In this chapter I want to look at how the EU spends its budget, consider if it is well spent and ascertain whether the UK derives appropriate value as a consequence of its membership.
The EU budget
In 2015 Britain’s gross contribution to the EU budget was £17.8 billion but this amount was not actually paid because of an annual rebate, which amounted to £4.9 billion. If you take into account the deduction of the £4.5 billion actually spent by the EU in Britain (on regional investment, development and subsidies) it gives a net cost of £8.5 billion for the year.

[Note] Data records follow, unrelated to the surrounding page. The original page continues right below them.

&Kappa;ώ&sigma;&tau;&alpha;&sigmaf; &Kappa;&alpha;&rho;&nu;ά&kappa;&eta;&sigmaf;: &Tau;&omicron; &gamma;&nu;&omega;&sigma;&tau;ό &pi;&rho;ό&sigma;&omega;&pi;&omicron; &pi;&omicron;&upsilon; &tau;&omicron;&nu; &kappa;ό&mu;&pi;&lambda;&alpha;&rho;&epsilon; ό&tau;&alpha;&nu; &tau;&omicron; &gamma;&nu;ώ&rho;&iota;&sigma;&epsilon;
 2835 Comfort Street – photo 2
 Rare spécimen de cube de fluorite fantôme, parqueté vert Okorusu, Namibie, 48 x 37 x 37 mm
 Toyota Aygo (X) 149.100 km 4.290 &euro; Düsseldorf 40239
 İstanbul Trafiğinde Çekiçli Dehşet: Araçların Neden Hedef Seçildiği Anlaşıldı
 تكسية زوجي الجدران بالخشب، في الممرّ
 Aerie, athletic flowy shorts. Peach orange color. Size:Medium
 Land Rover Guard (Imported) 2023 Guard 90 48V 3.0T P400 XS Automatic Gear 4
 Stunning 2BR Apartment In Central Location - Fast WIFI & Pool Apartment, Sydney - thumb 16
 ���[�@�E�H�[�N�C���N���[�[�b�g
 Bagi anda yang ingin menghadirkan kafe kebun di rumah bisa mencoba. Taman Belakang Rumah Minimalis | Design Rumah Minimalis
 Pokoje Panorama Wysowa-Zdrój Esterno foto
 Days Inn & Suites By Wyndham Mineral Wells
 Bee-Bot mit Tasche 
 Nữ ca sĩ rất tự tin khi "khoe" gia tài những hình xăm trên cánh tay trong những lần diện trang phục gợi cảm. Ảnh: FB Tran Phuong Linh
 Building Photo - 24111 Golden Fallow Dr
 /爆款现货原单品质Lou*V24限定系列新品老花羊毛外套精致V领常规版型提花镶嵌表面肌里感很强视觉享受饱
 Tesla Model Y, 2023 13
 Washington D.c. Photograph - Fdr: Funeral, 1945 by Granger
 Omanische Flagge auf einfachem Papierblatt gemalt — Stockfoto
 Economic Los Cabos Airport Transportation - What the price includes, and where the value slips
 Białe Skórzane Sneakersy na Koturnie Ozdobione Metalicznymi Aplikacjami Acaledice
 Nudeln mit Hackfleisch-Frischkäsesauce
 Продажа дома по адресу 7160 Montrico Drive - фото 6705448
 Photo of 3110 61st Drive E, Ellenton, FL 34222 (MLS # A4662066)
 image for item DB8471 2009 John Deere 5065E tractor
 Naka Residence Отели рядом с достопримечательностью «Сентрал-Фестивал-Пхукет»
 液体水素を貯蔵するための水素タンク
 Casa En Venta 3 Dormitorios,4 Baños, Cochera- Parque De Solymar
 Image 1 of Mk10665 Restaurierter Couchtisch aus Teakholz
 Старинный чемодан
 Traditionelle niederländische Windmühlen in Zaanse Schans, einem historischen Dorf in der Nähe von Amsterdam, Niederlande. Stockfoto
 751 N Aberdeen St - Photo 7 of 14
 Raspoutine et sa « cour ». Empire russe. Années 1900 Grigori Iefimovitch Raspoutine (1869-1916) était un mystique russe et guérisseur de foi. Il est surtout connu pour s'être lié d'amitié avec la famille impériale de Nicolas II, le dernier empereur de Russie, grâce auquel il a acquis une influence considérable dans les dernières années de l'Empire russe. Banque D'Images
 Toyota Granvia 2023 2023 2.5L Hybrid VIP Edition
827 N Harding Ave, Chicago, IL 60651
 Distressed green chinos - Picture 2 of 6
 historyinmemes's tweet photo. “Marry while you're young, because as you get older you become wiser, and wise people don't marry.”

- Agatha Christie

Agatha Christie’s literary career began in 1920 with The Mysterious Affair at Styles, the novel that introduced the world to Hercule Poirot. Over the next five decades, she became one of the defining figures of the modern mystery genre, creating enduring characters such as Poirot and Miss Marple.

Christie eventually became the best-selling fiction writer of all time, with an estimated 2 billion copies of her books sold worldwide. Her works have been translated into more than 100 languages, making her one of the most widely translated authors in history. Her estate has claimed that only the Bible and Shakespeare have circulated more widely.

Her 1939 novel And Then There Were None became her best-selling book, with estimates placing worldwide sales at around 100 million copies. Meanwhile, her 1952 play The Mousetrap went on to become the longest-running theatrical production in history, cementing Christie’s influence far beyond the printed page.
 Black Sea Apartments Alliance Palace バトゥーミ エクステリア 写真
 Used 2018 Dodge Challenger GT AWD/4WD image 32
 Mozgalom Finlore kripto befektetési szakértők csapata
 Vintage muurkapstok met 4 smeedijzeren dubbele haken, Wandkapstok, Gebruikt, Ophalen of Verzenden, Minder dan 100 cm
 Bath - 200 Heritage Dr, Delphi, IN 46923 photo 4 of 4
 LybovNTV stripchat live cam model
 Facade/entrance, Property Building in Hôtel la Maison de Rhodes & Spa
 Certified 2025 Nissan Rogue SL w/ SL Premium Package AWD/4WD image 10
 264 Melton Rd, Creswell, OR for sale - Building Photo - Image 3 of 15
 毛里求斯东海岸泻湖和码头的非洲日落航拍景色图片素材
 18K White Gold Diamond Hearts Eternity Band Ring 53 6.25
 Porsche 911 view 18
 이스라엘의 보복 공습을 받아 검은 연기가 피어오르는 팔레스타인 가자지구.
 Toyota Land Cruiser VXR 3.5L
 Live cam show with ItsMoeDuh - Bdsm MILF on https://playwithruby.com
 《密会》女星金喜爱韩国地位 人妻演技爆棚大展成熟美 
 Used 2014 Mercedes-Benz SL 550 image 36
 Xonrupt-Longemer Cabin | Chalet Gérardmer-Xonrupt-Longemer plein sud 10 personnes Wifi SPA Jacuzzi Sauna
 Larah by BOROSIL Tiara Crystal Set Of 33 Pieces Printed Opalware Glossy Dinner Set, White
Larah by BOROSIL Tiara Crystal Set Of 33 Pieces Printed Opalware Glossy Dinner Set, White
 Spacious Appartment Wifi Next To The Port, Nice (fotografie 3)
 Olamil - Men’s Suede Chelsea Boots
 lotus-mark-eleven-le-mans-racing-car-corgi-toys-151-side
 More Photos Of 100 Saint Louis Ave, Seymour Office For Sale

The EU currently has an annual expenditure budget equivalent to around £125 billion. In some ways this might not seem like a lot of money compared to, say, this year’s expenditure budget of £750 billion for the UK Government. However, almost 80% of the UK’s budget will be spent on state pensions, welfare, healthcare, education, defence, and interest payable on the national debt; none of which the EU is required to finance. Therefore, given its remit, £125 billion is quite a lot of money for the EU to spend each year.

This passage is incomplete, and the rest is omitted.